Pablo Larraín’s “Neruda,” starring Mexico’s Luis Gnecco and Gael García Bernal, represents “a stunningly inventive take on the function rather than the life of a writer,” according to Variety. It has been nominated for a Golden Globe and took four awards at Decemeber’s Fenix Ibero-American Film Awards, plus Best Feature at the London Film Festival. The third Chilean feature entry in the first longlist is Alejandro Fernández Almendras’ “Much Ado About Nothing,” a legal underscoring the impunity before justice, or that’s how the director sees it, of Chile’s ruling classes.

Most countries compete for best feature with three productions, with the exception of smaller industries territories, such as Guatemala, Ecuador, Panama and Paraguay, which have two entries. Interestingly, one of them, Paraguay’s “Guaraní,” from Luis Zorraquín, a father-daughter relationship drama come road movie set on the Parana River, is one of the titles selected to vie for Platino honors in most categories – seven in all.

Other features set to compete for a broad range of potential awards include J. A. Bayona’s “A Monster Calls,” – a challenger in eight categories, – Ariel Rotter’s Berlin Jury Grand Prix Winner “Incident Light” – up for six – and Gastón Duprat and Mariano Cohn’s “The Distinguished Citizen” in play for five. “The Distinguished Citizen” won Best Actor for Oscar Martinez at September’s Venice Festival. Produced out of Spain by Apaches Ent., Telecinco Cinema and Películas La Trini, and sold by Lionsgate, Liam Neeson starring “A Monster Calls” has earned $43 million worldwide.

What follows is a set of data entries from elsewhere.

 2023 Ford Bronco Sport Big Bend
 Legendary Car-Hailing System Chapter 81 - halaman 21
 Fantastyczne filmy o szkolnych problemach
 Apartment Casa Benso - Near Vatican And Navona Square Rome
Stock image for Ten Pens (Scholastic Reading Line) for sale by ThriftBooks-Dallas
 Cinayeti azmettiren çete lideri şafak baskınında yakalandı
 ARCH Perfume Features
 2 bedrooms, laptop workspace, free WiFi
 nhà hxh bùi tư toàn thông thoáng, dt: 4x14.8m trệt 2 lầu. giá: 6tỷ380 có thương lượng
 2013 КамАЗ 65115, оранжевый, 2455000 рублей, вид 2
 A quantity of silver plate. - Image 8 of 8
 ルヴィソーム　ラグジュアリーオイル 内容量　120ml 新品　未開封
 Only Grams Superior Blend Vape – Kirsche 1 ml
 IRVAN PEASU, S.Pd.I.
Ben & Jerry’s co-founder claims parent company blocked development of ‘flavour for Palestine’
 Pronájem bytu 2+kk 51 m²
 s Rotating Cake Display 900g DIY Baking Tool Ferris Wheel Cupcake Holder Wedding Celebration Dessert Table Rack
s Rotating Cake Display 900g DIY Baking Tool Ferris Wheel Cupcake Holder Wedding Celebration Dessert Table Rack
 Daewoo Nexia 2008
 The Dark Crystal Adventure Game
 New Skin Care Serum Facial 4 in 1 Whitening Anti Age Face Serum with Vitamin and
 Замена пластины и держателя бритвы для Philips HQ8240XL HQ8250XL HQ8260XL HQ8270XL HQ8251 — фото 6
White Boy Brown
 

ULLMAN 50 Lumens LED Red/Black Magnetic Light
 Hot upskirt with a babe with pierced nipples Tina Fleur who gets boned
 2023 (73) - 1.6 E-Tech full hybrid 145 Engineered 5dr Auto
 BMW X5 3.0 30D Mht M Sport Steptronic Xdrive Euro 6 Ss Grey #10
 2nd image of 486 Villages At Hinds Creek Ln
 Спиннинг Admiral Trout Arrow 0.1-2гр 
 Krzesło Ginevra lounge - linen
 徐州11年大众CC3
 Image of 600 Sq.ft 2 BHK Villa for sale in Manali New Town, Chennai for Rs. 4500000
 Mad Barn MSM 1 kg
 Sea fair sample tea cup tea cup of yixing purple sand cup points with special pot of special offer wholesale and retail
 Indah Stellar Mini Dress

Other movies contending for the 2017 Best Feature Platino Award are Kleber Mendonça Filho’s “Aquarius” and Gabriel Mascaro’s “Neon Bull,” both from Brazil, Jonás Cuarón’s “Desierto,” a Mexico-U.S. production, Celso García’s “The Thin Yellow Line” (Mexico), and Lorena Muñoz’s “I Am Gilda, The Latin Music Saint” (Argentina).

Spain has a notable presence in the animation section where it accounts for three of the five movie in contention for best animated feature: Alberto Vázquez and Perdo Rivero’s “Psiconautas, the Forgotten Children,” Alberto Rodríguez and Nacho La Casa’s “Ozzy,” and Agurtzane Intxaurraga’s “Teresa & Tim.”

The Platino Awards ceremony will take place in Madrid in July.